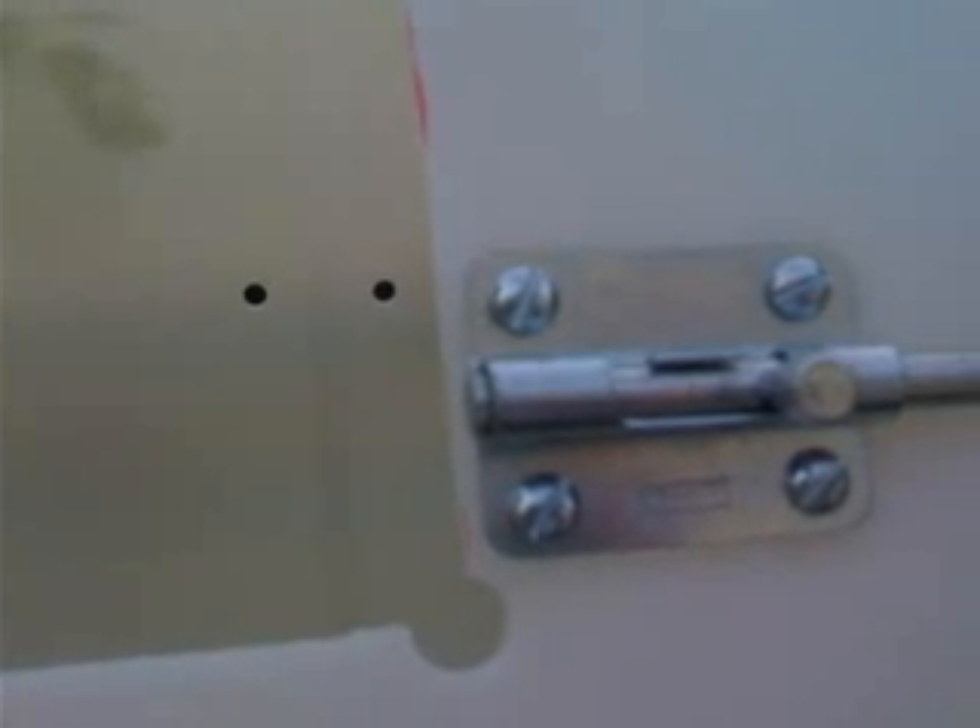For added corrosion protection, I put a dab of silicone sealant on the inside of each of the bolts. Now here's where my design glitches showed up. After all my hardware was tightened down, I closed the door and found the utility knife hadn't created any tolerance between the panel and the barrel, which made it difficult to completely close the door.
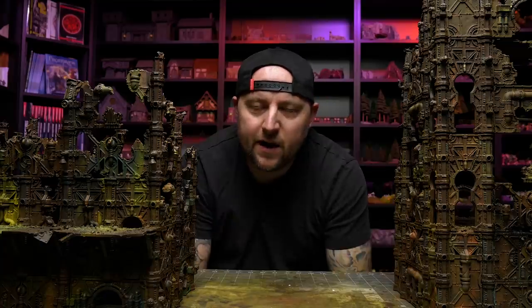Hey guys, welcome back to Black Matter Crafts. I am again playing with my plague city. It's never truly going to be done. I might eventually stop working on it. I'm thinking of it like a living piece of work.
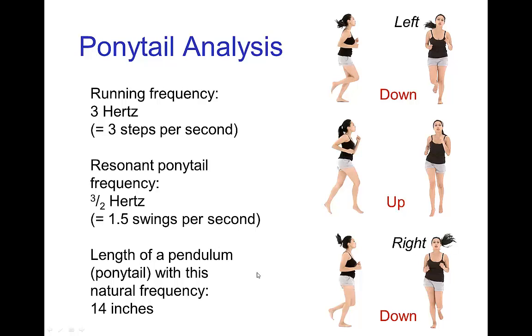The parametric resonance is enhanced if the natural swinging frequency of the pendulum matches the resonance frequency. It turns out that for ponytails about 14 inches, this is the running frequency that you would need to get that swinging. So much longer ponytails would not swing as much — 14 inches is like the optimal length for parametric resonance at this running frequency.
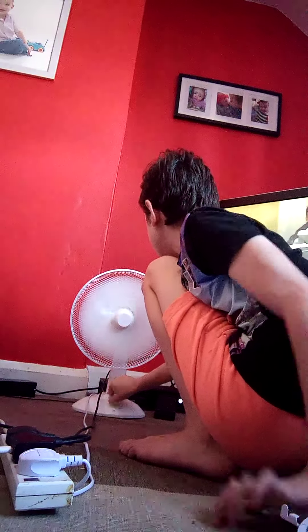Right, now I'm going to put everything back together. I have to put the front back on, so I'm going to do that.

* * * * *

Write out the whole listing above exactly; do not include the pictures.

For added corrosion protection, I put a dab of silicone sealant on the inside of each of the bolts. Now here's where my design glitches showed up. After all my hardware was tightened down, I closed the door and found the utility knife hadn't created any tolerance between the panel and the barrel, which made it difficult to completely close the door.
Hey guys, welcome back to Black Matter Crafts. I am again playing with my plague city. It's never truly going to be done. I might eventually stop working on it. I'm thinking of it like a living piece of work.
The parametric resonance is enhanced if the natural swinging frequency of the pendulum matches the resonance frequency. It turns out that for ponytails about 14 inches, this is the running frequency that you would need to get that swinging. So much longer ponytails would not swing as much — 14 inches is like the optimal length for parametric resonance at this running frequency.
Right, now I'm going to put everything back together. I have to put the front back on, so I'm going to do that.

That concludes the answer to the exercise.